• [AIM OF THE TASK] Using the entries below, write out the line with "135 East 83rd", the line with "oh baby! Diamond", and every line in between, exactly as each is written.

• [EXCERPTED DATA]
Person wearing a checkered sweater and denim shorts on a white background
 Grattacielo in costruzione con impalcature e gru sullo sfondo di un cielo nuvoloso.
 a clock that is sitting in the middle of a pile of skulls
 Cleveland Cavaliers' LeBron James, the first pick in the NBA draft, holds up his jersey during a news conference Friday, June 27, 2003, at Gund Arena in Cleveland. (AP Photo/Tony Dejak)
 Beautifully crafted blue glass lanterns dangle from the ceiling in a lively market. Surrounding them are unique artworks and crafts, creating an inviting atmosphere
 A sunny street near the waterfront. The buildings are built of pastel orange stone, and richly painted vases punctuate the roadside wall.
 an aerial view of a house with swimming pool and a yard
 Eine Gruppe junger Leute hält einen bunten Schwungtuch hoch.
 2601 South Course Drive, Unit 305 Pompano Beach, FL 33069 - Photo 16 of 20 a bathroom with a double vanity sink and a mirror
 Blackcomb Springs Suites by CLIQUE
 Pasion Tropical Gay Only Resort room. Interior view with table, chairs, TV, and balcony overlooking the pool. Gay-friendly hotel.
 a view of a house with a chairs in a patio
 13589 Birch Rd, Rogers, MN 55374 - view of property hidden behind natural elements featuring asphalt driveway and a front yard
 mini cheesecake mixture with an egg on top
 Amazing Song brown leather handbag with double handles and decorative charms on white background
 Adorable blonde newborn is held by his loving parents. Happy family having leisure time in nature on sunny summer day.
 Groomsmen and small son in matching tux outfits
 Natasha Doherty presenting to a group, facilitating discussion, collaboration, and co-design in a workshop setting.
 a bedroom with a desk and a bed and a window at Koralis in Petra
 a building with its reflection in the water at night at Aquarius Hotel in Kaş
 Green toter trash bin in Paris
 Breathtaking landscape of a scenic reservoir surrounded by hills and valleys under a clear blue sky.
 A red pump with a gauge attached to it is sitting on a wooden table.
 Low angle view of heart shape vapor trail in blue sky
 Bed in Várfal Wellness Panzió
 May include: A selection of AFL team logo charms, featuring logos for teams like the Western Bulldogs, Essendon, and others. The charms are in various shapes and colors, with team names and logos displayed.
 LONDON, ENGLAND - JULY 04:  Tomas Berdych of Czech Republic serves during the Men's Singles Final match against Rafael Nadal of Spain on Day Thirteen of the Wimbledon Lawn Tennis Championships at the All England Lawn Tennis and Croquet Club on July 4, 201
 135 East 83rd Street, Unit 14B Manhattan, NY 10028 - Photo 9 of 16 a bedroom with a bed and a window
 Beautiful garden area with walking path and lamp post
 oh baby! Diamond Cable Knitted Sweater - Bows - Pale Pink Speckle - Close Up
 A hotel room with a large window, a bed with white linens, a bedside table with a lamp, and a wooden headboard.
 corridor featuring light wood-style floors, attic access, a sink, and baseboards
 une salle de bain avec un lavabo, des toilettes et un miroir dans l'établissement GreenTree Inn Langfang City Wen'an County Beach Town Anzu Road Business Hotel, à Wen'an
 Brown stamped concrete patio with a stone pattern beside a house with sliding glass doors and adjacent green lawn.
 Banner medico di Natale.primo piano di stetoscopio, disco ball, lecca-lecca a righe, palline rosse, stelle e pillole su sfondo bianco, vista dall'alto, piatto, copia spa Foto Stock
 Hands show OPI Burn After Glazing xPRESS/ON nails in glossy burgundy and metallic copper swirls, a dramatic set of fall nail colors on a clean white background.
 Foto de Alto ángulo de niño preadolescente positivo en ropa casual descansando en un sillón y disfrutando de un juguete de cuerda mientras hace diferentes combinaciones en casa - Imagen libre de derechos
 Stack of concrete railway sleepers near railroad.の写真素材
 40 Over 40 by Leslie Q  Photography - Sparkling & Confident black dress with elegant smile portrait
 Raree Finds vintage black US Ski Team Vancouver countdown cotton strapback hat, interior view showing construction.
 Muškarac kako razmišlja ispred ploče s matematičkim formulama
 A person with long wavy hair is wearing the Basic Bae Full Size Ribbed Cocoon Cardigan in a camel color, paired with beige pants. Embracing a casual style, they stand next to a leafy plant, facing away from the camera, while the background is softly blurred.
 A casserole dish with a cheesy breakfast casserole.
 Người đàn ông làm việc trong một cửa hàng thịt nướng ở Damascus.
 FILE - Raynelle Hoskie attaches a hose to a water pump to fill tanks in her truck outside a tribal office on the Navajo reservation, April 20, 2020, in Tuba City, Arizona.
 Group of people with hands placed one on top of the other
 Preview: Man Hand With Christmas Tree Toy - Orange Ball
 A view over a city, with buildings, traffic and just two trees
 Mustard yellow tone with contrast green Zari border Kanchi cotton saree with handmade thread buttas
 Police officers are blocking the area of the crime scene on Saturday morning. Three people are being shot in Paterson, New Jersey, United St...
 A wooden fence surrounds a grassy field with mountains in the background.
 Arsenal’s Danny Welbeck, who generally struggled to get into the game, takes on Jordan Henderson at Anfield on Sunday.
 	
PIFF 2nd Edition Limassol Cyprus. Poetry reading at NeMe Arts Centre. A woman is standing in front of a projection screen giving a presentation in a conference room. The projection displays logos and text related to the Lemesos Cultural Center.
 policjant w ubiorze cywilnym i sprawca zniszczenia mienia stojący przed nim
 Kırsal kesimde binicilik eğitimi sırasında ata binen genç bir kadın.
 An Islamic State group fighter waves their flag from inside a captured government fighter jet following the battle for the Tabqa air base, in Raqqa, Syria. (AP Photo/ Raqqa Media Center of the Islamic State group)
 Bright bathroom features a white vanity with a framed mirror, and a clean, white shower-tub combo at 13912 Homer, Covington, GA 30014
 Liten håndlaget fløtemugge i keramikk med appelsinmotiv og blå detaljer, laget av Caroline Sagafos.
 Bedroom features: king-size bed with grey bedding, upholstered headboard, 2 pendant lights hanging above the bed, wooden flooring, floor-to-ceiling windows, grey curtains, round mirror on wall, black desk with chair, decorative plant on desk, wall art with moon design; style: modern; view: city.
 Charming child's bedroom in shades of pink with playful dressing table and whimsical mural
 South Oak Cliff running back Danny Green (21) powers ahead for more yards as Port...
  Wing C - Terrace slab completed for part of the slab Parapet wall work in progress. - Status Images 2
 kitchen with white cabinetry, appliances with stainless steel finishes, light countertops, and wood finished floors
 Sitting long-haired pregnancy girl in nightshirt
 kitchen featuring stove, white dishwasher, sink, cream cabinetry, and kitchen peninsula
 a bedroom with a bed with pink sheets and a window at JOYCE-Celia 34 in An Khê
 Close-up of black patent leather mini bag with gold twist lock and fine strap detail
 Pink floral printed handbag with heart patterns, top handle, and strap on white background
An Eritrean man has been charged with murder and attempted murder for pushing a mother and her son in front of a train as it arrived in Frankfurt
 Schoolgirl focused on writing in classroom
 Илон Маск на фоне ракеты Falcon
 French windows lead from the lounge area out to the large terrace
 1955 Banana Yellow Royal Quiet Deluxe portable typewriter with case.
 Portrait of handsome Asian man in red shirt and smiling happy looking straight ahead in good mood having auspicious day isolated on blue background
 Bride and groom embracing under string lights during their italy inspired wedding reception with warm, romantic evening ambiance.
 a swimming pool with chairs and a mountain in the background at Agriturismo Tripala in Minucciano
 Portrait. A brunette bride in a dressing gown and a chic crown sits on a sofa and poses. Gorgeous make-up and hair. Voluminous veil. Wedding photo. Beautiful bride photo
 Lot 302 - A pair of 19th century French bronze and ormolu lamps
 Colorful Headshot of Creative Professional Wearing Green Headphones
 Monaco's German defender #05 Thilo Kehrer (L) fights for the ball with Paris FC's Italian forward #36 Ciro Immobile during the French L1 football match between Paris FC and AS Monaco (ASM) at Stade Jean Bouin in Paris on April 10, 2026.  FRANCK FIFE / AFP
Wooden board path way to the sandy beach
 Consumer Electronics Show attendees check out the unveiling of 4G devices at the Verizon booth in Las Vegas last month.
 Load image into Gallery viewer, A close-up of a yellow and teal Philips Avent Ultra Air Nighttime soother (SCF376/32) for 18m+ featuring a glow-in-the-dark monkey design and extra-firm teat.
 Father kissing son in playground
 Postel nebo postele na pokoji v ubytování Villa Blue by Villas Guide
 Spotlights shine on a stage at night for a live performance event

• [ANSWER TO THIS PROBLEM]
 135 East 83rd Street, Unit 14B Manhattan, NY 10028 - Photo 9 of 16 a bedroom with a bed and a window
 Beautiful garden area with walking path and lamp post
 oh baby! Diamond Cable Knitted Sweater - Bows - Pale Pink Speckle - Close Up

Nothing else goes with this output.